Ignoring the pictures, copy the data exactly.

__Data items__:
┌──
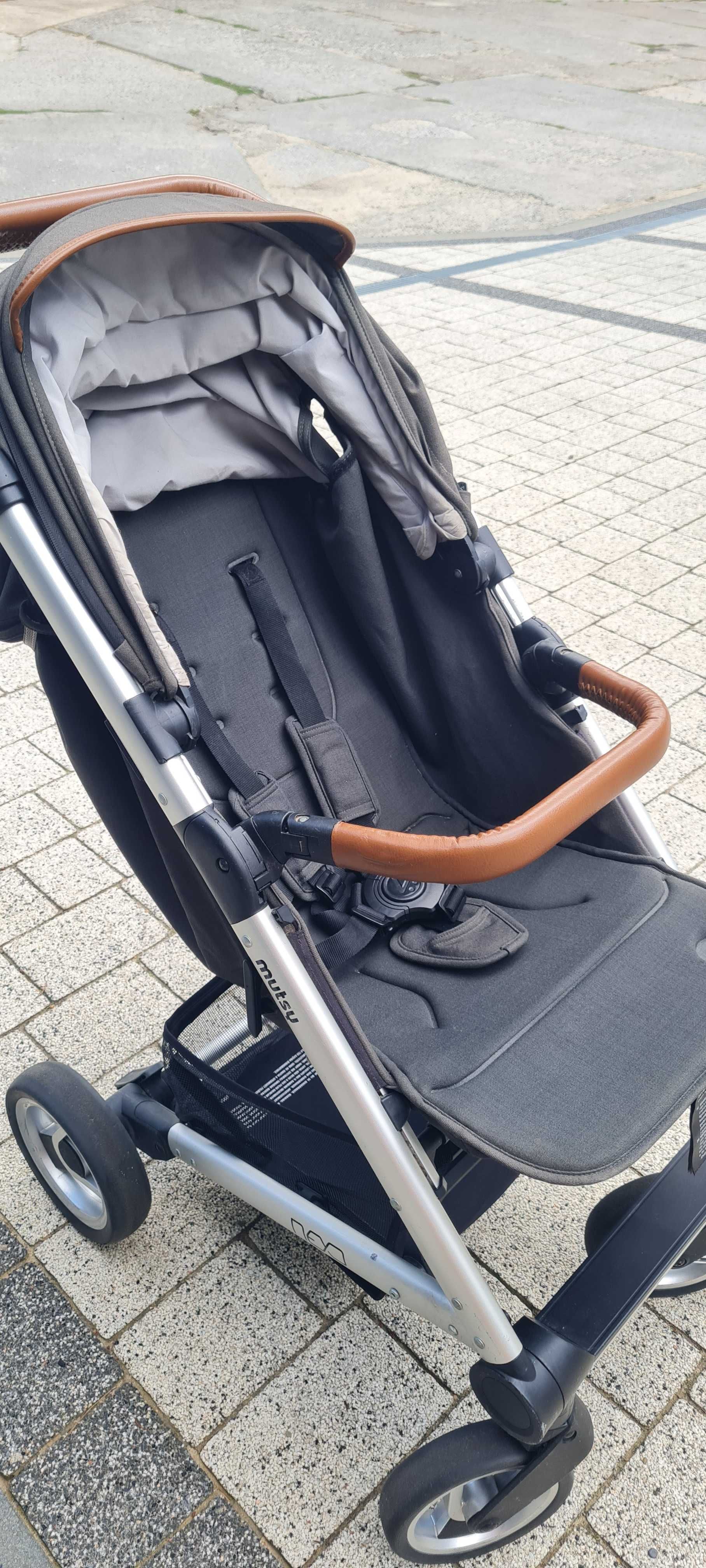 Mutsy Nexo wózek dziecięcy spacerówka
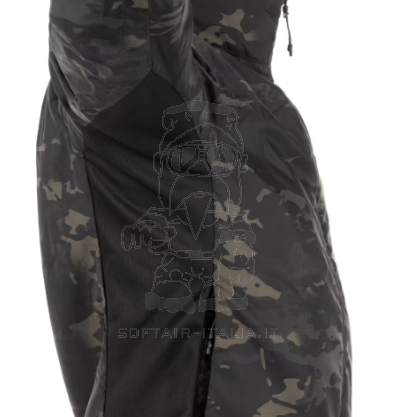 ClawGear Climashield Apex MCB Multicam Black STRATA Lightweight Insulated Jacket by ClawGear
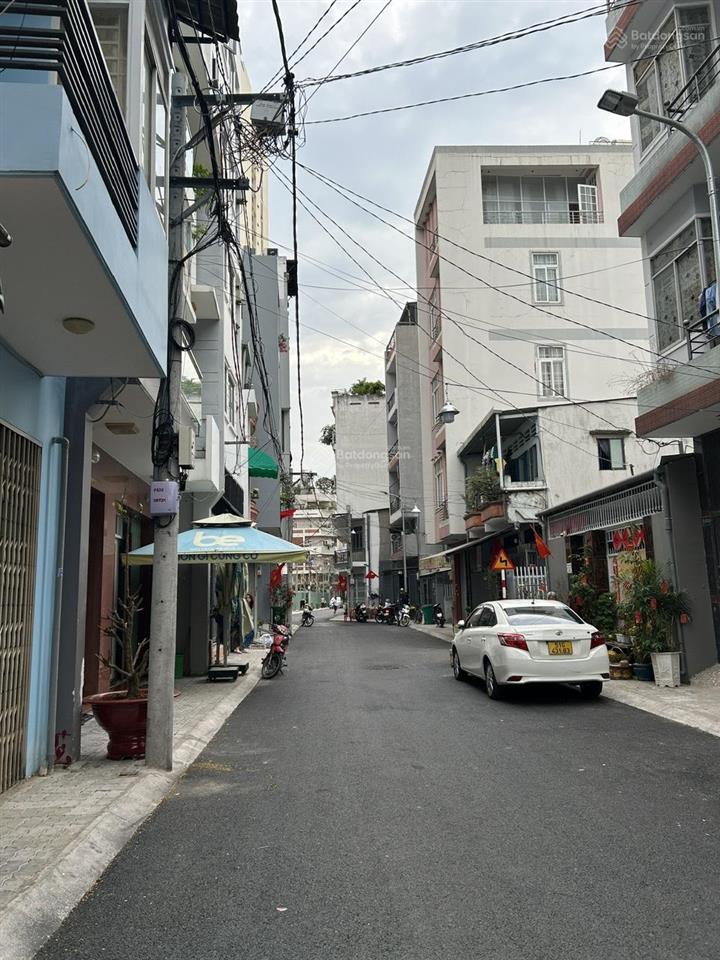 Chính chủ bán nhà hẻm xe hơi 8m đường lý thường kiệt, kết cấu 4 lầu sân thượng, giá bán 16 tỷ tl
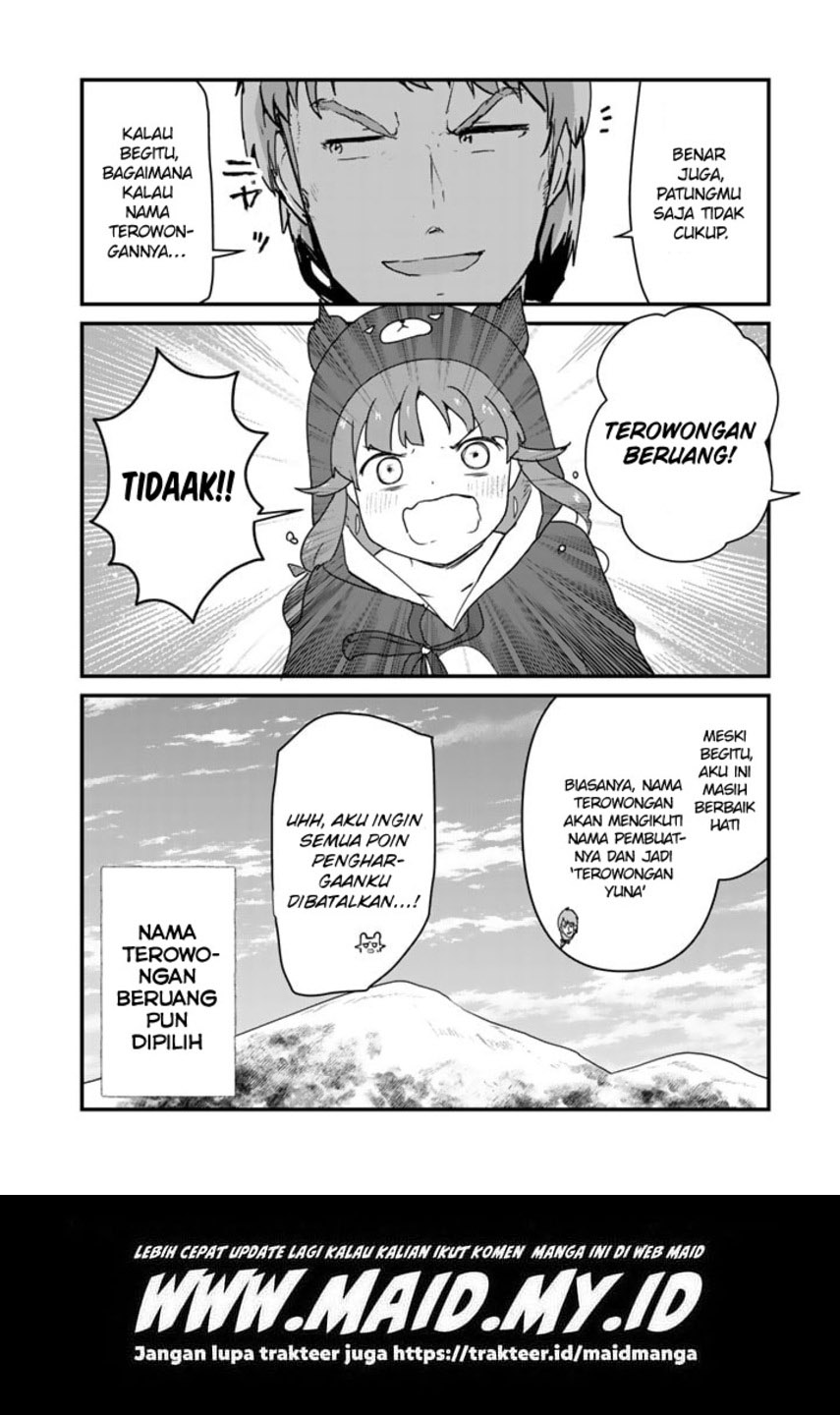 Kuma Kuma Kuma Bear Chapter 78 Gambar 18
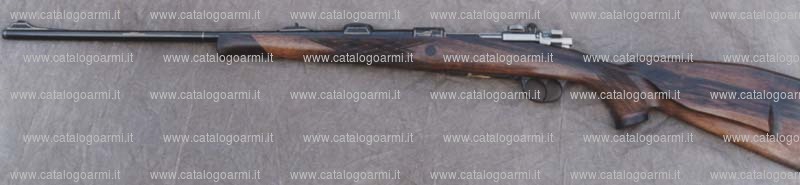 Carabina Guerini A. modello Alce K 98 (10904)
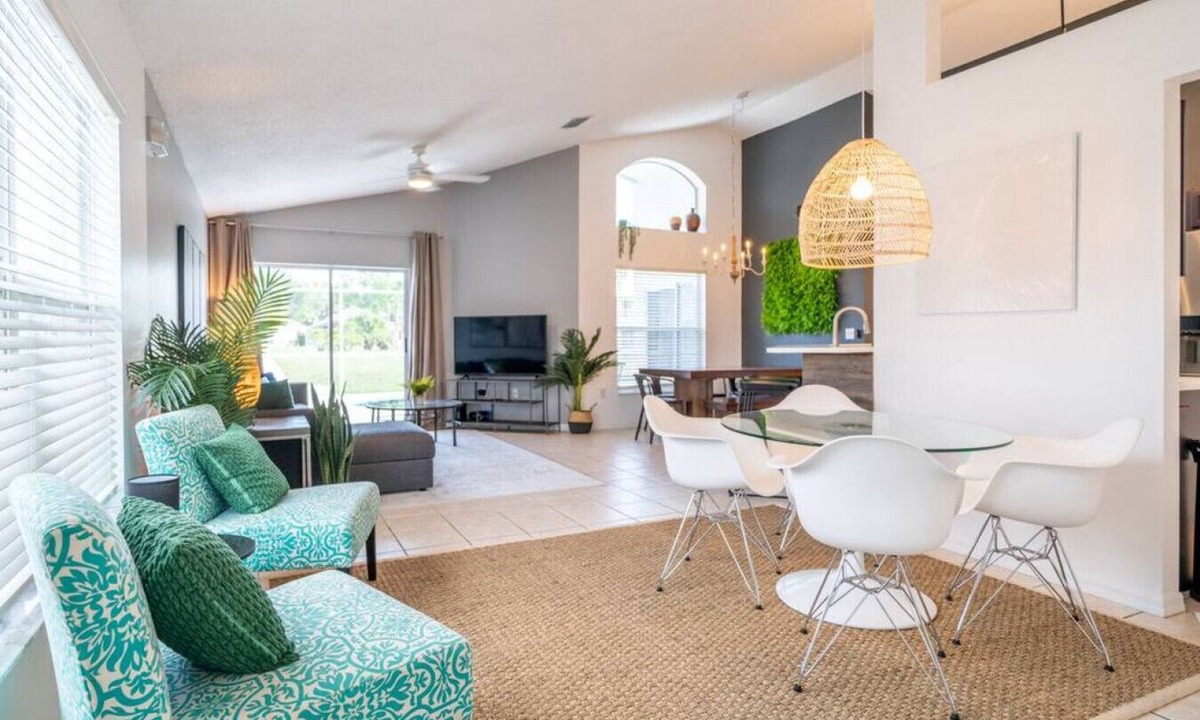 Westridge Villa | Stylish Villa Retreat with Pool
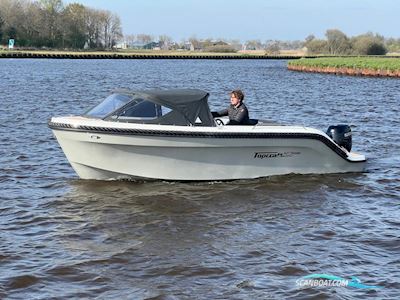 Topcraft 627 Motorboot 2026, mit Suzuki motor, Niederlande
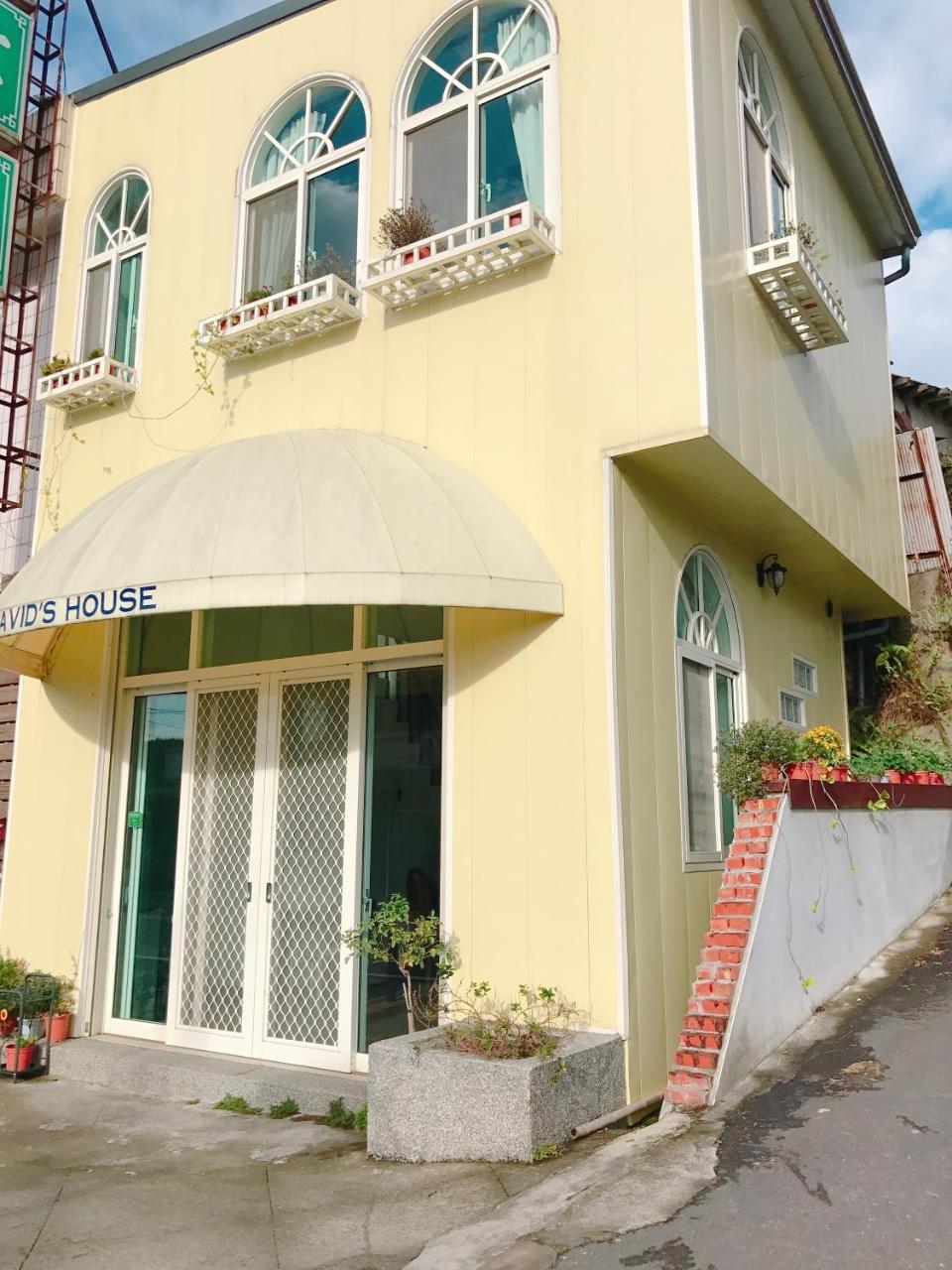 David'S House Apartment Fanlu Exterior foto
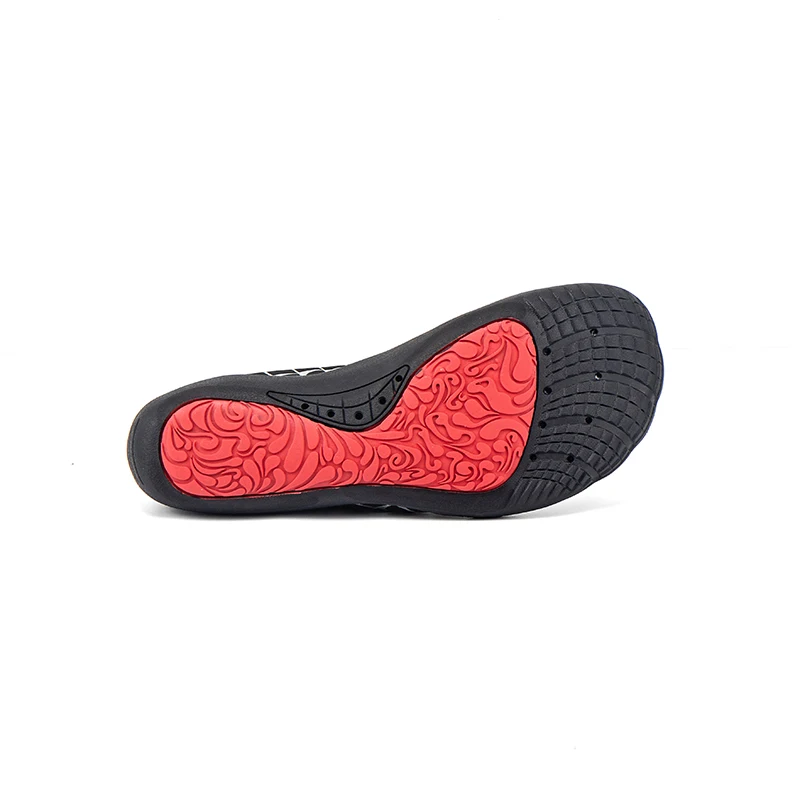 Men's Casual Beach Sandals Leisure Breathing Soft Shoes Light Rubber Five fingers Sneakers Outdoors Water Swim Sportswear 38-46 | Обувь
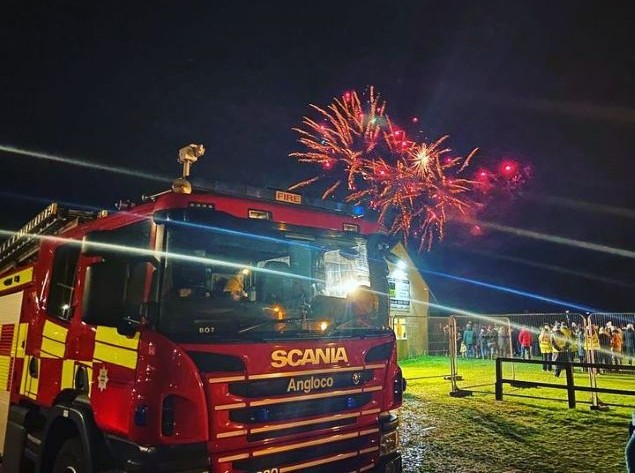 Fireworks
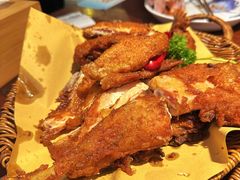 传统香酥鸡-前海沿·青岛菜(五四广场永旺店)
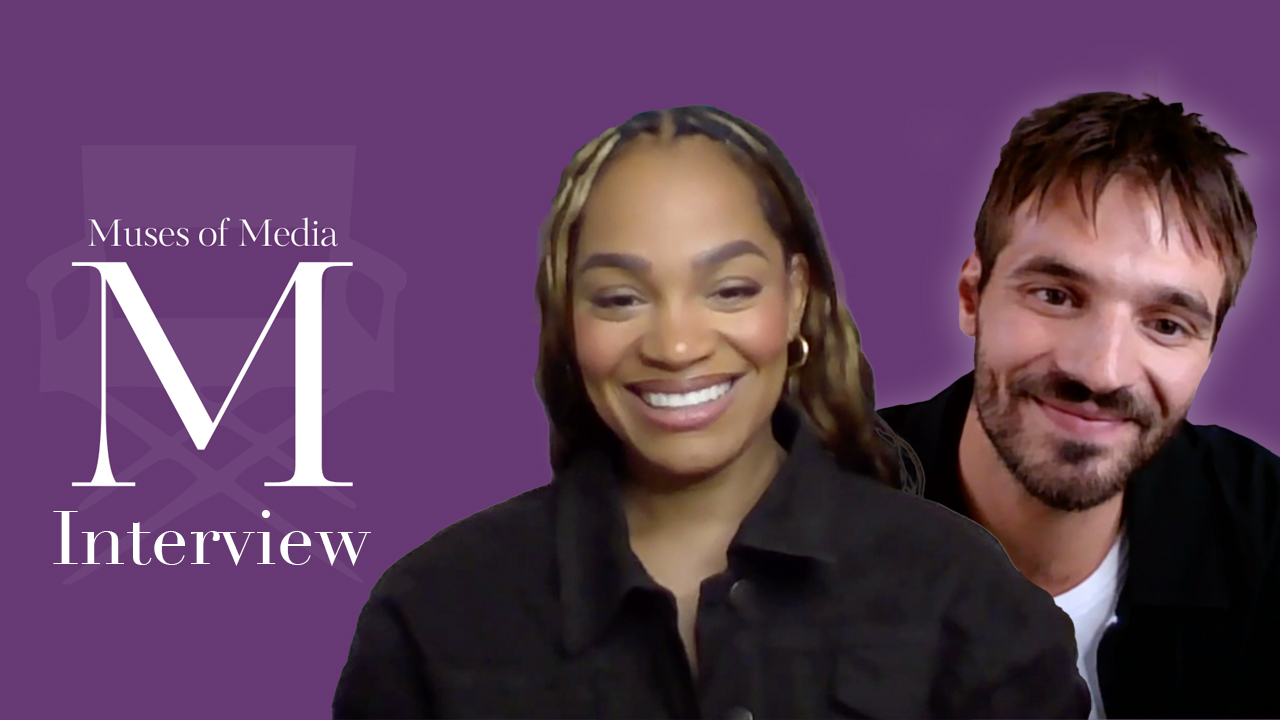 Tahirah Sharif and Tyler Conti Reflect on Their ‘Fightland’ Characters – Interview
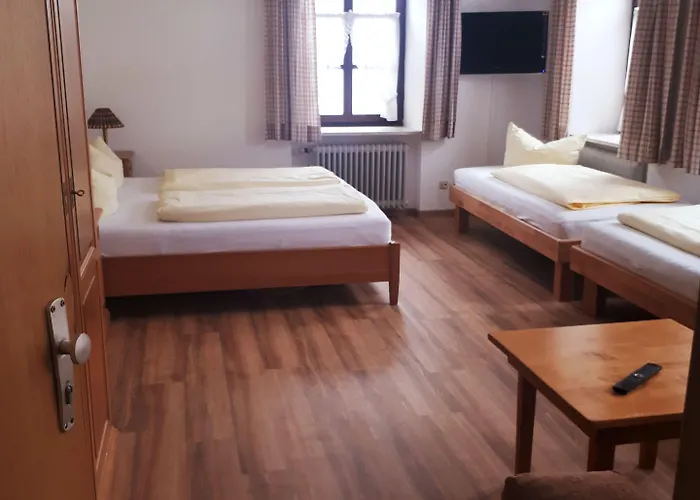 Zum Rassen 3* Garmisch-Partenkirchen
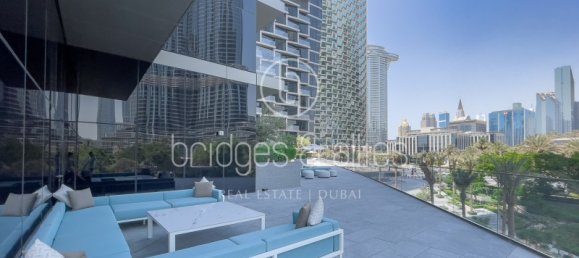 Квартира с 3 спальнями в Даунтаун Дубай (Даунтаун Бурдж Дубай), ОАЭ № 120309 17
└──
__Exercise response__:
 Mutsy Nexo wózek dziecięcy spacerówka
 ClawGear Climashield Apex MCB Multicam Black STRATA Lightweight Insulated Jacket by ClawGear
 Chính chủ bán nhà hẻm xe hơi 8m đường lý thường kiệt, kết cấu 4 lầu sân thượng, giá bán 16 tỷ tl
 Kuma Kuma Kuma Bear Chapter 78 Gambar 18
 Carabina Guerini A. modello Alce K 98 (10904)
 Westridge Villa | Stylish Villa Retreat with Pool
 Topcraft 627 Motorboot 2026, mit Suzuki motor, Niederlande
 David'S House Apartment Fanlu Exterior foto
 Men's Casual Beach Sandals Leisure Breathing Soft Shoes Light Rubber Five fingers Sneakers Outdoors Water Swim Sportswear 38-46 | Обувь
 Fireworks
 传统香酥鸡-前海沿·青岛菜(五四广场永旺店)
 Tahirah Sharif and Tyler Conti Reflect on Their ‘Fightland’ Characters – Interview
 Zum Rassen 3* Garmisch-Partenkirchen
 Квартира с 3 спальнями в Даунтаун Дубай (Даунтаун Бурдж Дубай), ОАЭ № 120309 17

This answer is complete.